17 Aralık’taki yolsuzluk ve rüşvet soruşturmasında düğmeye basması, ardından da soruşturmasının engellendiğini kamuoyuyla paylaşmasıyla hükümetin hedef tahtasına oturttuğu savcı Muammer Akkaş hakkında pek çok şey söylendi. Kimileri cemaatçi olduğu ve hükümeti kıskaca almaya çalıştığını, kimileri ise dış mihrakların yönlendirmesiyle operasyon yaptığını dillendirdi.
Öyle midir şimdilerde bilinmez ama Gezi eylemlerine katılanların “terör” suçundan yargılanmasını isteyen savcı Muammer Akkaş’ın ailesi de yıllarca “terörist” sayıldı. Isparta’nın Yalvaç ilçesinin Eğirler köyündeki “o gece” ve sonrasında yaşananlara ilişkin tanıkların anlatımlarının izinde Akkaş ailesinin ilginç öyküsüne kulak verelim.

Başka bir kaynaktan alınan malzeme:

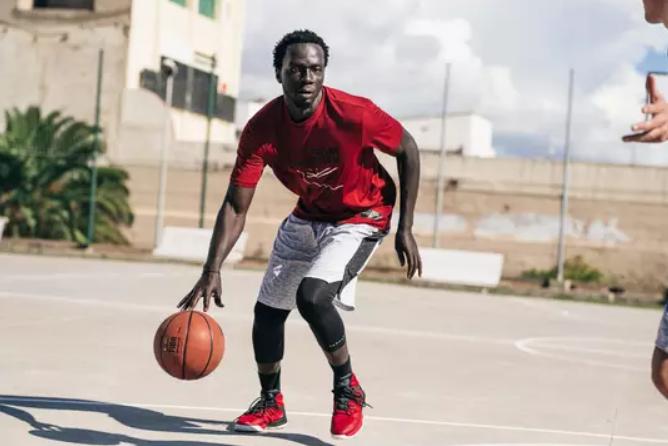 明晚12点油价调整降价还是上涨,今晚12点半油价下调吗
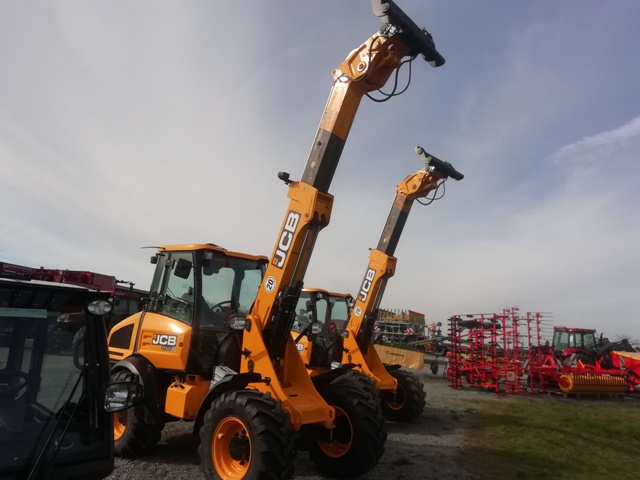 Teleskopradlader JCB TM 220 Agri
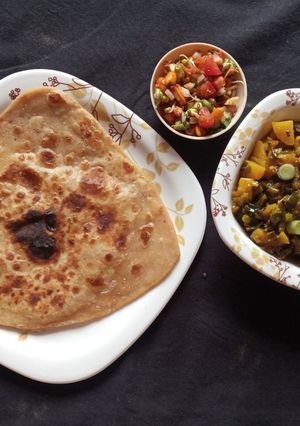લીલી ડુંગળી અને બટાકા નું શાક (Lili Dungri Bataka Shak Recipe In Gujarati) રેસીપી મુખ્ય ફોટો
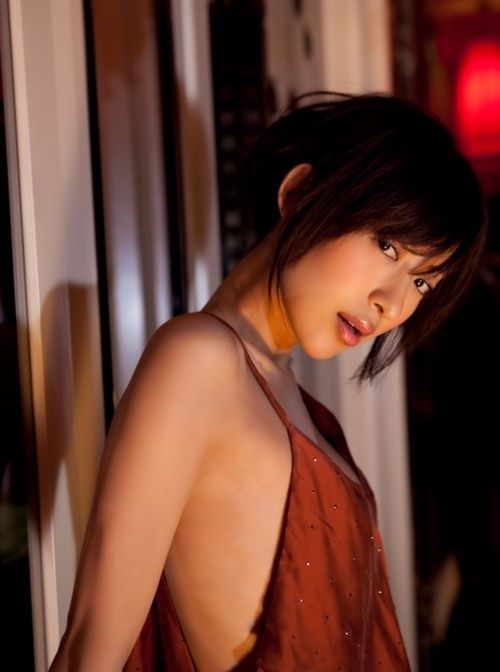 《一枚の写真》LRC歌词 《一枚の写真》(しおり)歌词555uuu下载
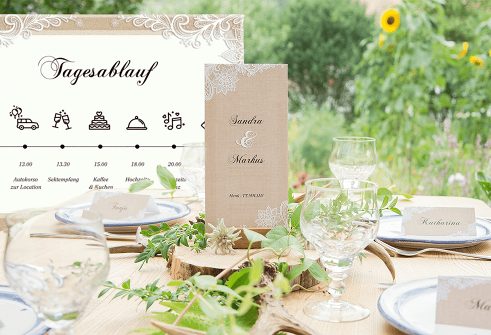 Hochzeitsprogramm auf Leinwand in verschiedenen Designs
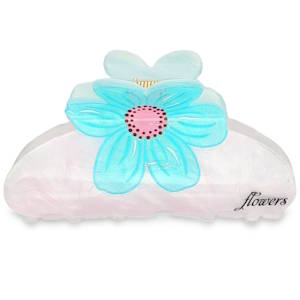 Cette pince à cheveux dégage un style printanier et rafraîchissant. La base présente une finition nacrée et irisée, oscillant entre le blanc et le rose très pâle, rappelant la nacre d'un coquillage. Elle est ornée d'une fleur centrale aux pétales d'un bleu turquoise vibrant. Le cœur de la fleur est d'un rose doux, parsemé de petits points sombres pour un effet réaliste et contrasté.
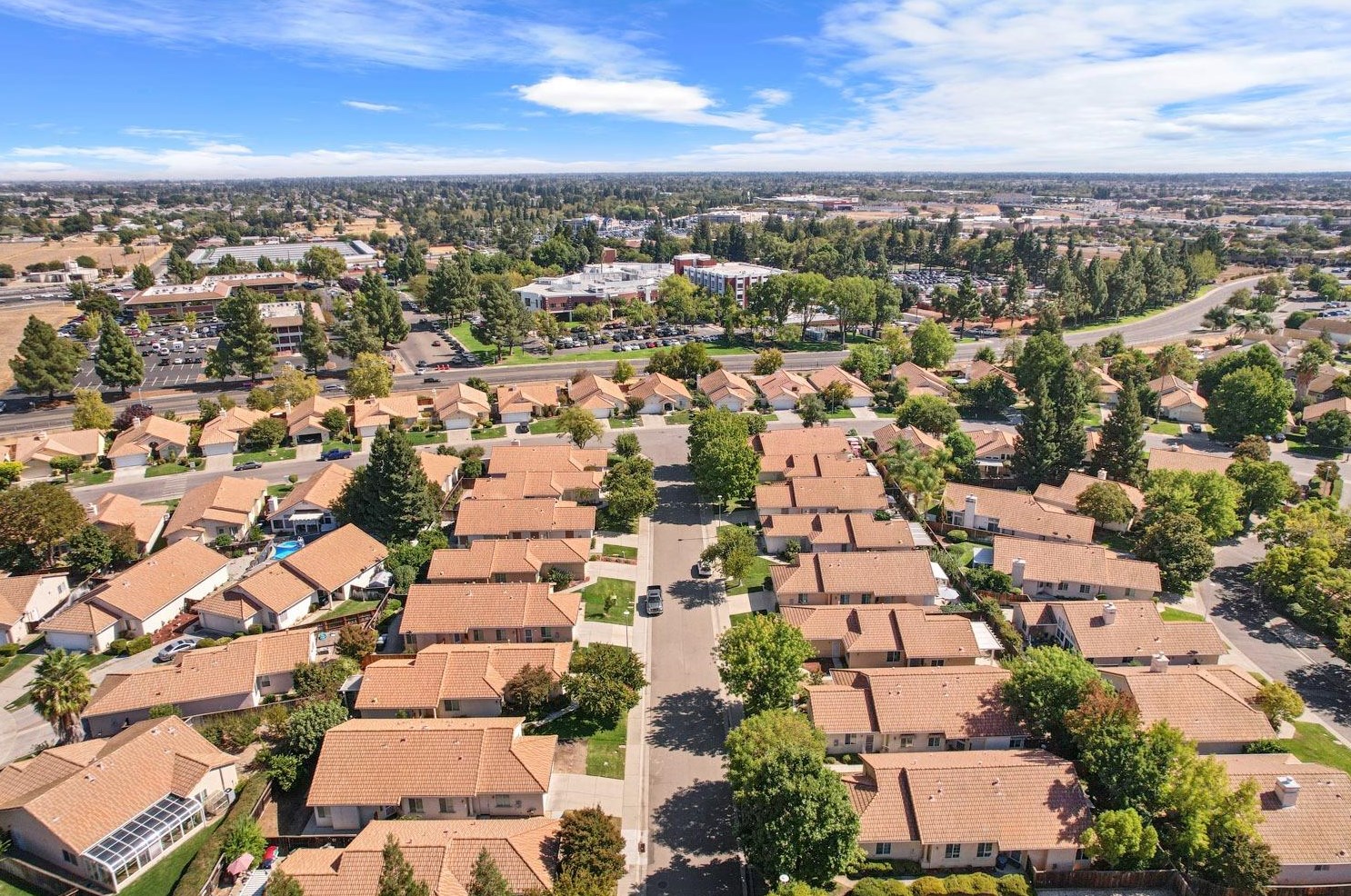 221 Aruba Cir, Sacramento CA  95823-5985 exterior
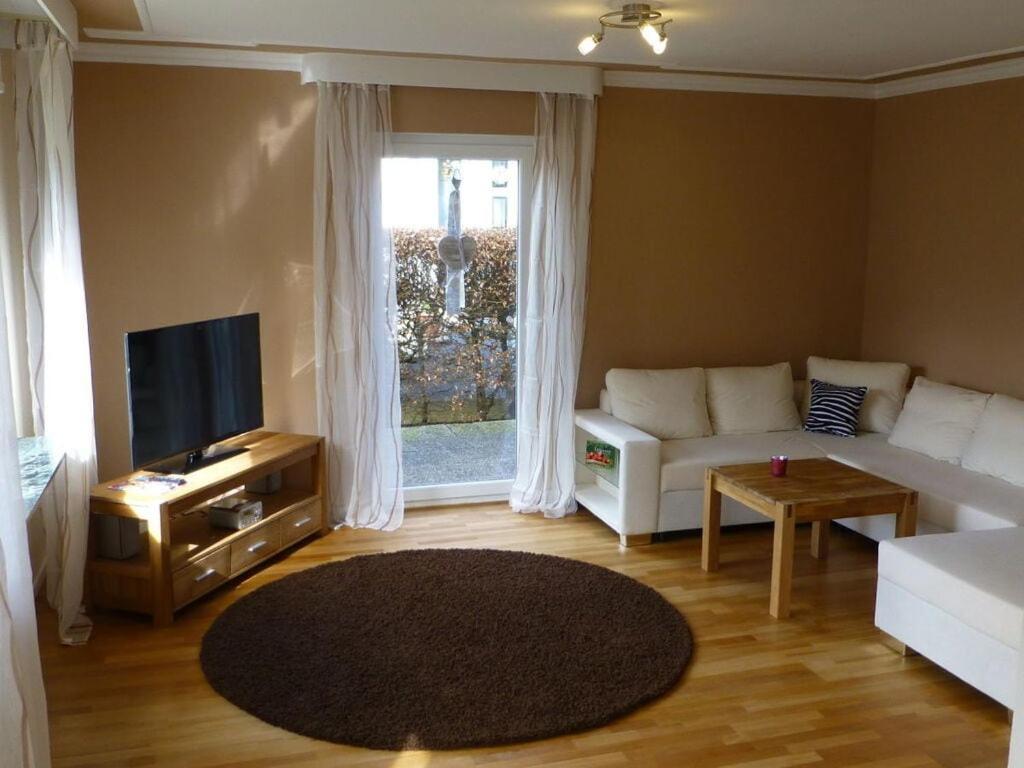 Μια τηλεόραση ή/και κέντρο ψυχαγωγίας στο Lovely apartment in Bad Driburg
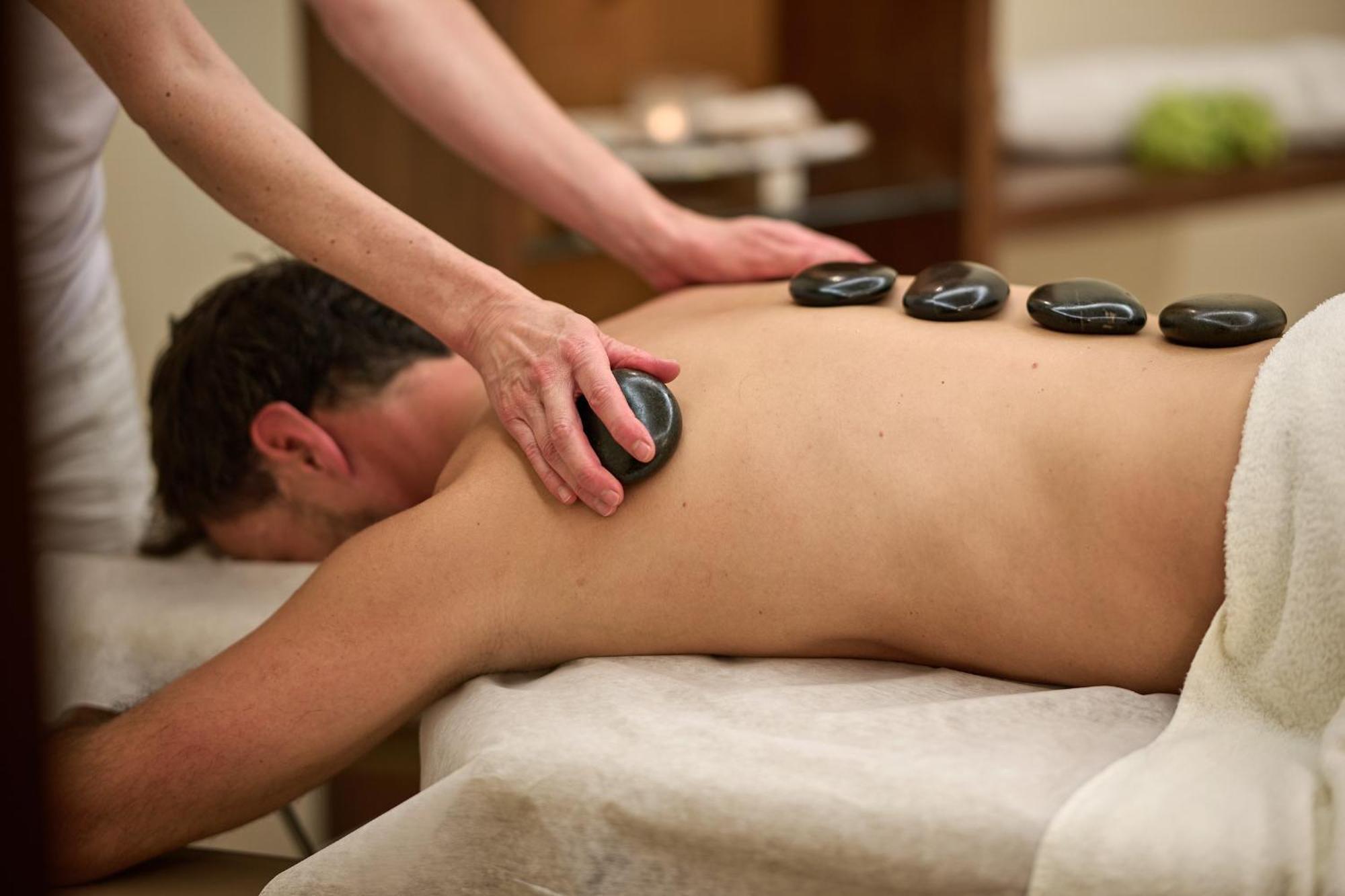 Schuele'S Wellnessresort & Spa Adults Only Oberstdorf Exteriör bild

68 olaylarının dünyada estirdiği özgürlük rüzgârı Türkiye’deki sosyalist gençlerde de karşılık bulur. O günlerde savcı Muammer Akkaş’ın dayısının oğlu İlyas Akkaş da Keçiborlu Lisesi son sınıf öğrencisidir. 1969 yılında Deniz Gezmiş, Hüseyin İnan, Yusuf Aslan, Taylan Özgür, Sinan Cemgil gibi sosyalist gençlerin bir araya geldiği Türkiye Halk Kurtuluş Ordusu saflarında yer alır.
Bir gece evlerinin camını tıklatır, perdeyi aralayan annesi Rahime Akkaş’a “Ben gidiyorum. Allahaısmarladık” der. Yolunu belirlemiştir. Dava arkadaşlarıyla birlikte Filistin’e gidecektir. Yola koyulur. O tarihten sonra bir daha da kendisinden hiç haber alınamaz. Ama annesi onun bir gün camı tıklatacağı günü bekler, son nefesini verinceye kadar. Kimselerin bir daha görmediği, İlyas Akkaş ile ilgili de o tarihten sonra hep bir söylence dolaşır, Filistin'de “şehit” olduğuna ilişkin.
İlyas’ın köyden ayrılmasından sonra ise Akkaş ailesinin zor günleri başlar. 12 Mart geldiğinde kapısı ilk çalınan Akkaş ailesi olur. Derken 12 Eylül gelir yine askerler Akkaş ailesinin kapısında belirir. Zira onlar dönemin muktedirlerinin gözünde “teröristtir”!
O baskı günlerinden birinde savcı Muammer Akkaş’ın öz dayısı, İlyas’ın babası Tahsin Akkaş kapıya gelenlere “Siz devletsiniz, eliniz kolunuz benden uzun. Ben de evladımı arıyorum. Siz bulup getirin” diye isyan eder. Anlatılanlara bakılırsa, İlyas Akkaş’ın Filistin’e gitmek üzere köyden ayrılmasından sonraki yıllarda Yalvaç Jandarma Komutanlığı’nın neredeyse tek uğraşı Akkaş ailesi olur.
İlyas ile savcı Muammer Akkaş’ın akrabalığı da hayli karmaşıktır. Savcının anne ve babası amca çocuklarıdır. Muammer Akkaş’ın annesi ise İlyas’ın babasının kız kardeşidir. Bu nedenle Muammer Akkaş ile İlyas Akkaş öz hala-dayı çocuklarıdır. Baba soyundan ise İlyas Akkaş, savcı Muammer Akkaş’ın amcasının torunudur.
Savcı Muammer Akkaş’ın grift akrabalık bağı aslında son dönemde siyaset ve hukukta yaşanan karmaşaya benziyor.